When François Hollande became president in 2012 he had no choice but to focus on security issues in the Sahel - a swathe of land south of the Sahara desert. He never really had the political strength to revive reform efforts.
But with Macron's accession to office, France had a president fully aware of the need for change - and with the political clout and personal enthusiasm to attack the task.
In 2017 he told students in the Burkinabe capital, Ouagadougou, that France would back a reform of the CFA franc if African governments wanted this. He also invited civil society, youth and cultural figures to this year's France-Africa summit in Montpellier, rather than the usual flock of presidents.
Sahel - a festering wound
Yet his readiness to speak plainly, challenge old structures and question comfortable assumptions has not always played well, even among those who are clamouring for change.
Moreover, the situation in the Sahel has deteriorated into a festering wound.
The French military presence fuels an increasingly widespread sense of grievance across West Africa.

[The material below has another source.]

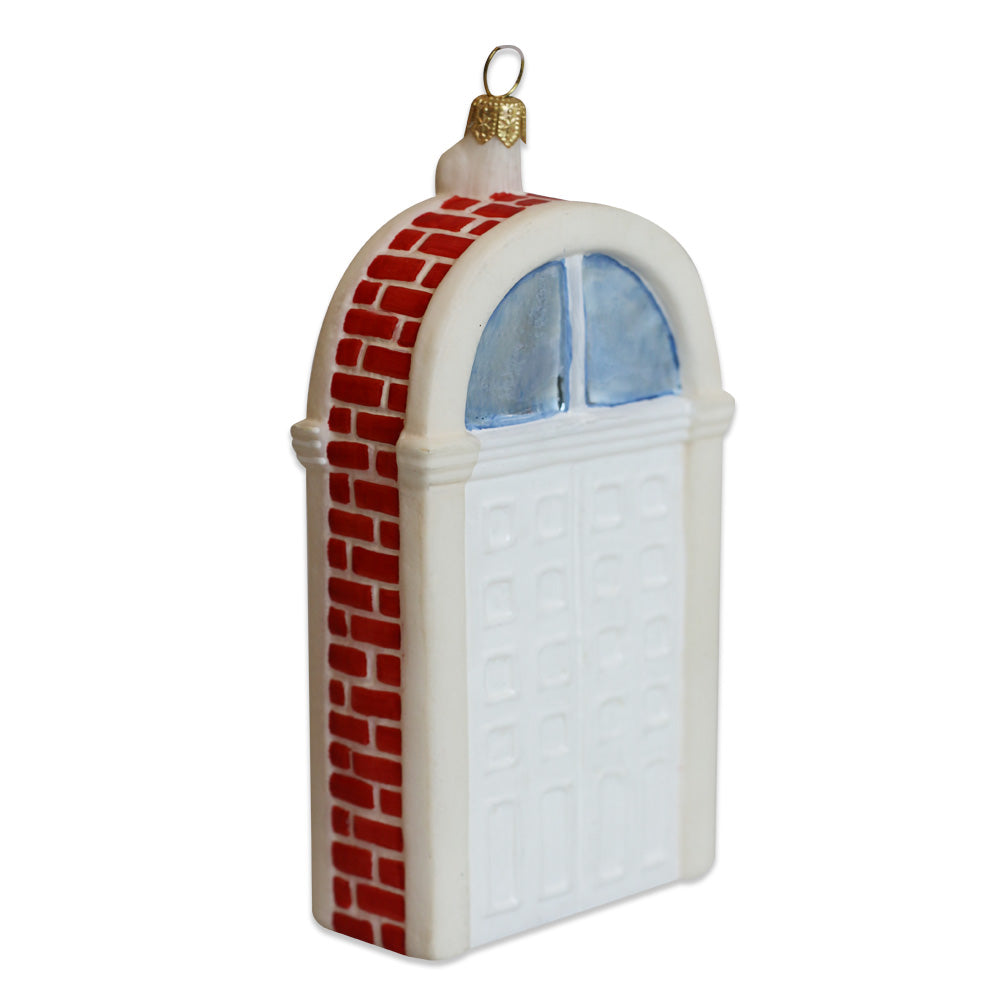 The Henry Ford Museum Festive Doors Ornament is a blown glass arched white door with red brick trim, blue windows, and a gold hanging loop—perfect for adding a unique touch to your holiday décor.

Despite a massive and sustained military effort - with more than 5,000 troops deployed and more than 50 killed - France has not been able to decisively overcome the threat from jihadists, whose attacks on local communities and security forces continue.
The reasons are complex, both military and social, environmental and economic.
Yet a significant proportion of local public opinion feels that France, as a high-tech Western military power, should have been able to "sort" the problem and should now get out of the way if it cannot do so.
Those feelings seem to have motivated the protesters who blockaded the French army convoy.
And this comes after earlier causes of resentments, as Nguessan pointed out: "The speeches of Sarkozy in Dakar, Macron in Ouagadougou; the war in Ivory Coast; the discouraging results of the campaign against terrorism.
"Questions related to the currency, debt, support for local dictators and ill-chosen words."
But underlying social and communal factors also shape the attitudes of some.
One senior Sahel military officer said he saw the French as allies of Tuareg former separatist rebels in northern Mali - an allegation fiercely and credibly denied in Paris.
Similar complexities surround France's support for West Africa regional body Ecowas - which is currently trying to pressure coup leaders in Mali and Guinea to rapidly return their countries to civilian constitutional rule.
A growing number of young people regard the regional bloc as an incumbent presidents' club, too slow to criticise civilian rulers who manipulate democratic rules and unwilling to acknowledge the strength of popular support for military leaders promising reform.
So in backing Ecowas as the legitimate African crisis management institution, France ends up being perceived as a prop for the old guard establishment.
* Paul Melly is a consulting fellow with the Africa Programme at the think-tank Chatham House in London.